China proposes tariffs on $60 bn of US goods

China proposes tariffs on $60 bn of US goods

China proposes tariffs on $60 bn of US goods

Beijing's plans for tariffs on $60 billion of USA goods includes an additional 5 percent in duty on about 600 kinds of us products, including planes and computers; another 10 percent on nearly 1,000 products, including wigs and textiles; an extra 20 percent on more than 1,000 items, including some chemicals, cookers and paper; and an additional 25 percent on over 2,400 products such as meat, wheat, wine and liquefied natural gas.

In a series of tweets on Saturday, Trump said the USA market was "stronger than ever", while the Chinese market "has dropped 27 per cent in last 4 months, and they are talking to us".

Then there is what China says and on Thursday, Beijing urged the United States to "calm down" and return to reason after news that Trump may hike the tariffs from 10% to 25%.

But China exports far more to the United States than the other way round, making it more challenging for the country to hit back against USA tariffs.
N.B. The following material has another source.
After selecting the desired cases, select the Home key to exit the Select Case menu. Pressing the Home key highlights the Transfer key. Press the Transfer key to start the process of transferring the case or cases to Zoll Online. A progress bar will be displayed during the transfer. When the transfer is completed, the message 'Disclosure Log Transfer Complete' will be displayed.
Last year, China imported about $130 billion of US goods.

Days later, Washington unveiled a list of another US$200 billion in Chinese goods, from areas as varied as electrical machinery, leather goods and seafood, that would be hit with 10 per cent import duties.

July 16: China filed another complaint to the WTO over Trump's $200 billion tariff plan.
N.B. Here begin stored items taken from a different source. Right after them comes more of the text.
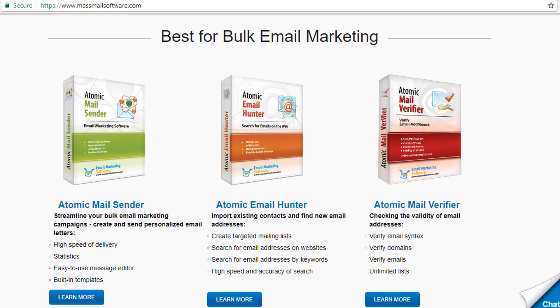Greetings from AtomPark Software. This time I'd like to introduce Atomic Email Hunter, the software which allows you to gather the email addresses of your potential clients.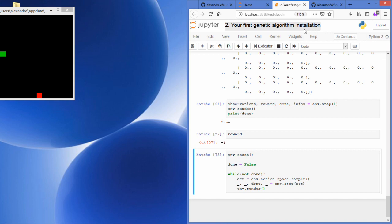In the next video, we'll build the neural network that will be used in order to create the genetic algorithm. Thanks for watching.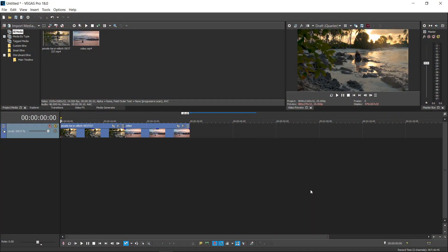Check this out. I want to show you all how you can create a smooth spin transition in Vegas Pro without any plugins. All you need to do is get yourself the two clips, trim them down and put them together. And for the very one time, we're actually going to use resample, because it's going to play an important role in the spin and the motion effect.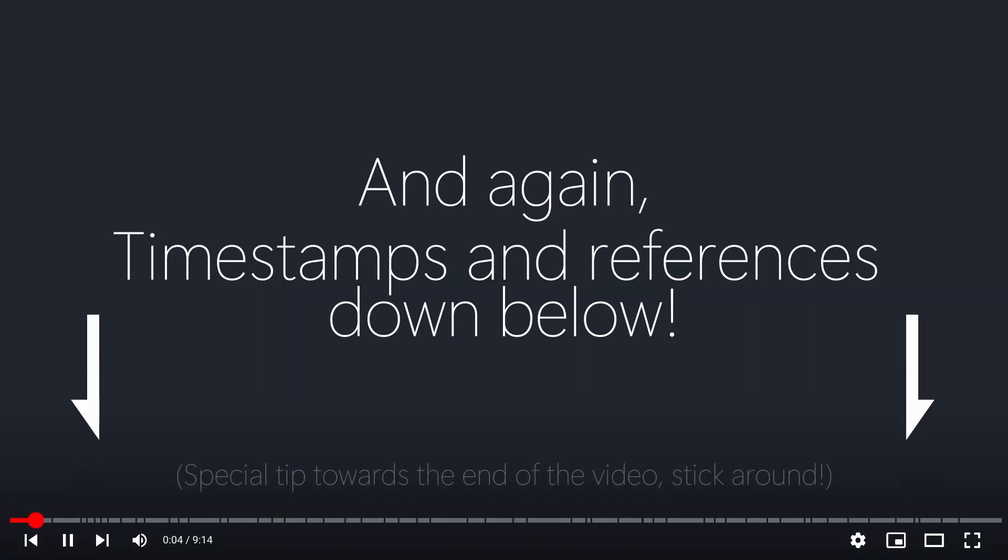You read the title. And again, like last time, timestamps and references in the description. Here we go.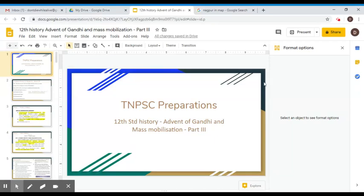Welcome to TN4C Professionals. We are going to talk about a new book about the advent of gambling and mass mobilization.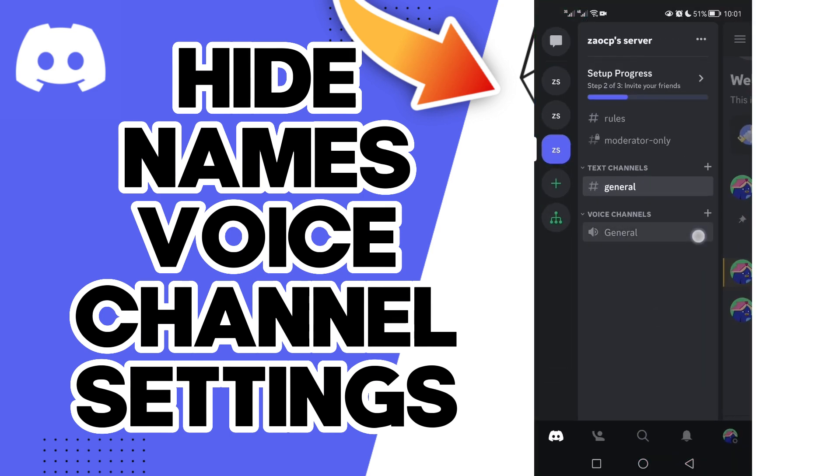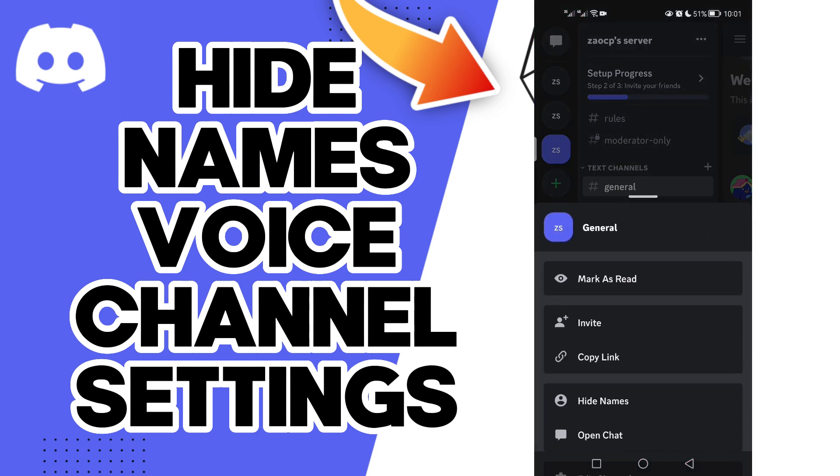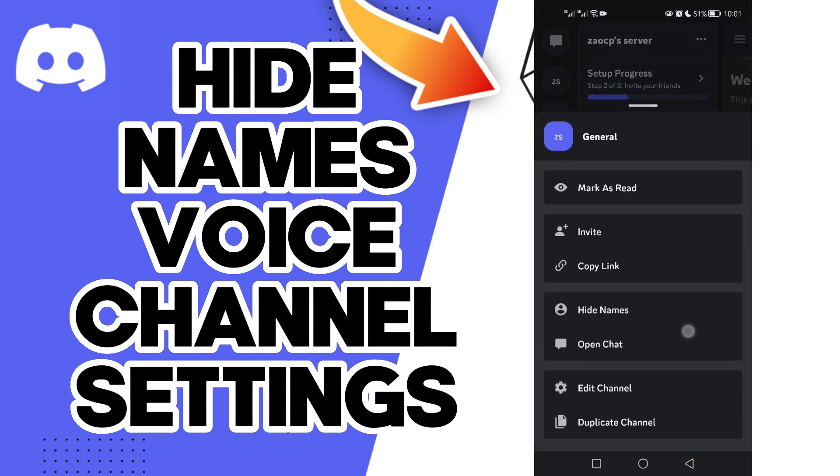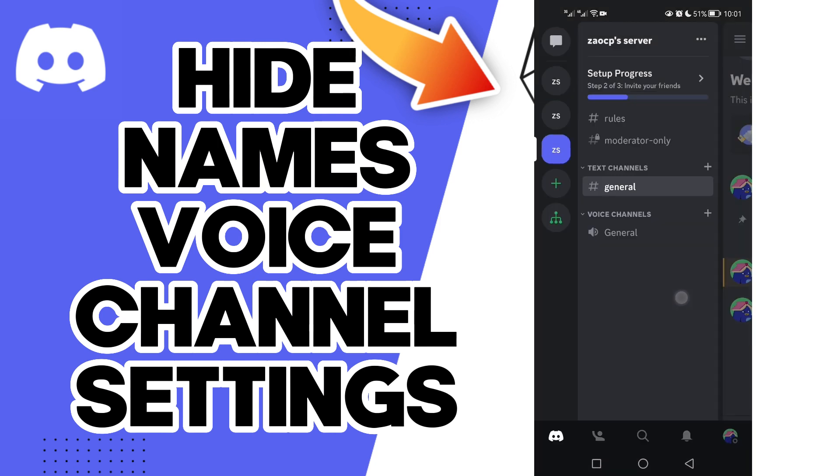First, hold on it like this and here you will find the hide names option. Click on it and that's it. That's how to hide names on your voice channel in your server.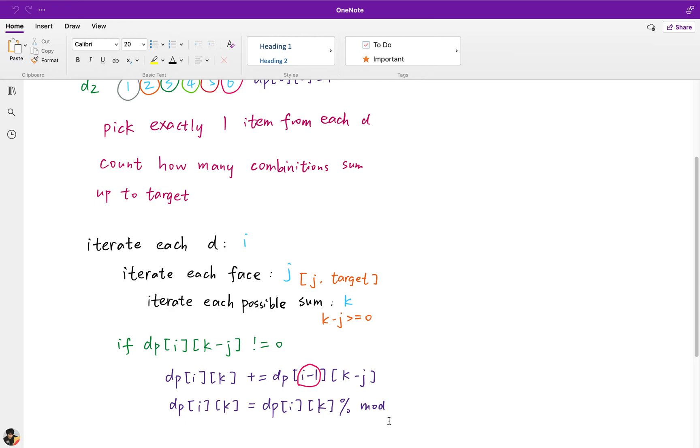So in the end, what should we return? It's simple — we just need to return DP[D][target].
The US trade deficit recorded its biggest increase in more than 1-1/2 years in June as the boost to exports from soybean shipments faded and higher oil prices lifted the import bill.

Trump's senior advisers, particularly White House National Economic Council Director Larry Kudlow and Treasury Secretary Steven Mnuchin, have said the White House's ultimate goal is to remove tariffs and trade barriers in a way that makes "free and fair trade", but Trump's message on Saturday evening was one of protectionism and economic restrictions, not open markets.
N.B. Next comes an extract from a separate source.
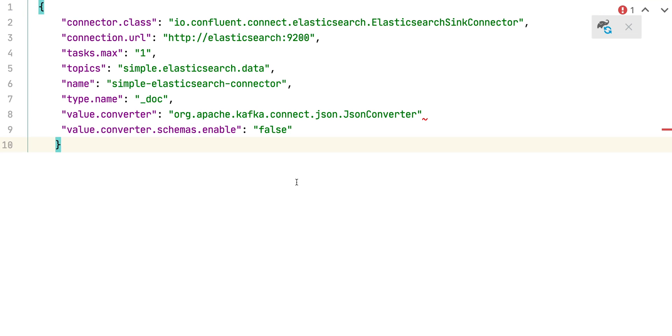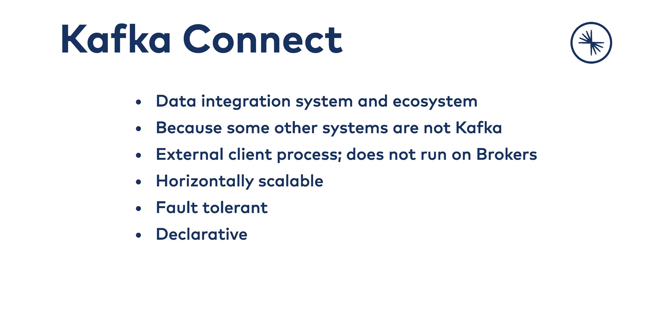Connect also abstracts a lot of this data integration code away from you, and instead requires you just to write some JSON configuration to run a connector. For example, this is how you would stream data from Kafka into Elasticsearch — you'd use this little bit of JSON configuration to configure a connector. Would you write the code that subscribes to a topic, gets messages, uses the Elastic API? No, you would not. You want someone from the community to have written that Elasticsearch connector for you. Simply deploy that connector to your Connect cluster and then declaratively specify where the cluster is, the topic, and any other parameters involved in sourcing or syncing data.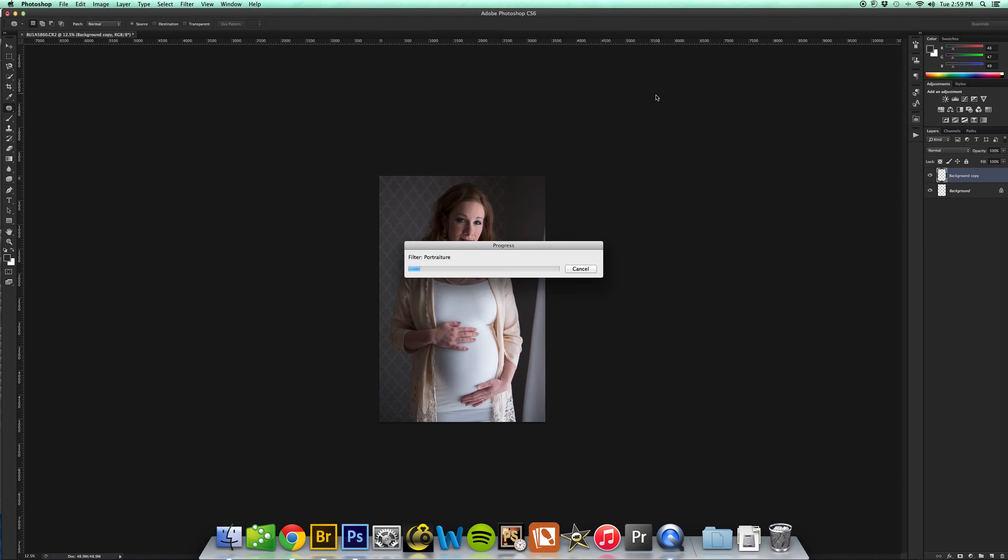It's over here to your right under your layers panel. It's created another copy for you so that you can adjust your opacity with that.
We had gone far toward creating a Trans-Pacific Partnership before Trump pulled out of it, and the other countries in those talks are moving forward without us.

The US and China: poles apart?

The United States and China have the world's biggest trading relationship but official ties are increasingly strained over complaints that Beijing's technology development tactics hurt American companies.

U.S. agricultural producers in particular are feeling the sting of the trade war.

The WSJ also cites "industry officials who have discussed the move with the White House" and who said that another, perhaps far more important reason for the tariff increase "is to compensate for the decline in the value of the yuan by about 6% over the past two months".

Therefore, the USA needs to continue escalating tariffs against China in order to secure concessions.

A lot of Republicans in Congress will tell you that they support President Donald Trump but disagree with him about trade. "Those are the things that concern us the most".

China has already retaliated against some of these measures.

"Every country on earth wants to take wealth out of the USA, always to our detriment", Trump tweeted, "I say, as they come, Tax them".

The irresolvable nature of these positions means that whatever talks, negotiations and manoeuvres may take place, the objective logic of events is towards intensification of the trade war and ultimately military conflict.